It`s easy enough to write down ´climb a volcano´on a list when you`re sat on your cosy warm sofa. But it was as I was putting on all the gear needed to climb Volcan Villarrica that I realised it might not be a walk in the park. First came the thick water-proof trousers and jacket, followed by heavy boots, gloves and a hard hat. We were also give ice-picks and although I may have looked the part I realised I had no idea what I was doing.
It had rained for three days solid in Pucon, Chile, as we waited to climb the volcano and it seemed that as soon as the rain stopped and we headed for the mountains, so did everyone else. The meeting point was packed with people and there was a feeling of excitement and anticipation in the air as we made our final preparations.
|The preparations begin (just don’t tell anyone we have no idea what we’re doing!)|
Our first task was getting up to the starting point of the climb on a chair-lift, something which always terrifies me as I feel sure that I`m going to be the person who falls off in a Bridget Jones-esque style. However, having managed to safely navigate that task, it was on to the next one – attaching crampons to our shoes to enable us to walk on the ice and listening to our safety talk. The only problem was out instructor only spoke Spanish, which the other three members of my group did not. So it was left to me to translate his commands into English. I wasn`t too sure how I felt about the group`s safety being based on my interpretations which went something along the lines of “er…keep your ice-pick above you at all times or if you slip you´ll fall down the mountain” and “um, I think he`s saying ´if you fall, keep your legs up or the crampons could break them´.” Eventually, after a lot of gesturing, pointing and nodding, we were ready to go.

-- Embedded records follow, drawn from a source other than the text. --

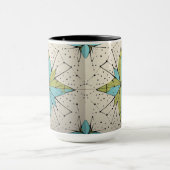 Retro Midden Eeuw Modern Atomair Geometrisch Patro Mok (Midden)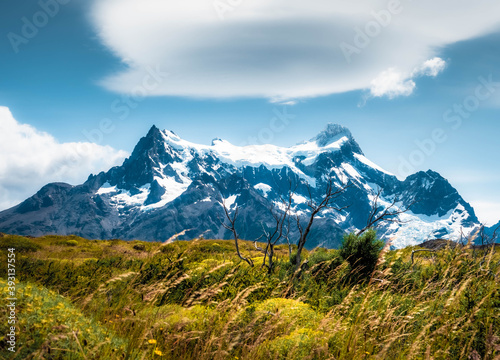 landscape with blue sky Meadows and mountains of Patagonia in Chile 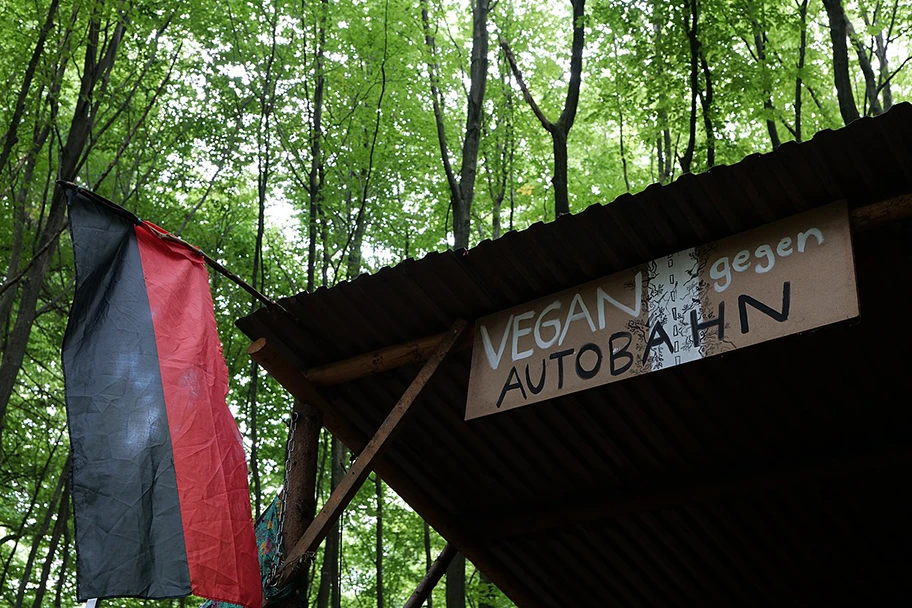 Besetzung des Dannenröder Forsts bei Marburg mit Baumhäusern als Protest gegen den Bau der A49 durch den Wald, August 2020.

We set off in single file, walking up the side of the snow-covered volcano in a zig-zag pattern, with our ice-picks always to the inside. The walk started off well and we made it to the first rest point without too much difficulty. But it was clear when we arrived there that the weather was not going to be on our side. The wind had picked up considerably and small pieces of ice, like hailstones, showered down on us from above. Our instructor Gabriel (somehow his name was reassuring) said we would wait for a while to see if the weather changed. Meanwhile as we hunkered down behind the rocks we could see other groups attempting the assent. Their bodies were bent double against the wind and every so often someone would lose their footing and start sliding down the mountain, only stopping when they managed to get a grip with their ice-pick or were grabbed by their guide.
|Sitting out the storm…|
Even though it was disappointing not to have reached the summit, it was a brilliant experience and don`t they always say leave something to come back for? So technically, I realise that I didn`t make it to the top. But after being battered by hailstones, forced to dodge boulders and nearly being blown of the side of a mountain, I`m taking my number 7!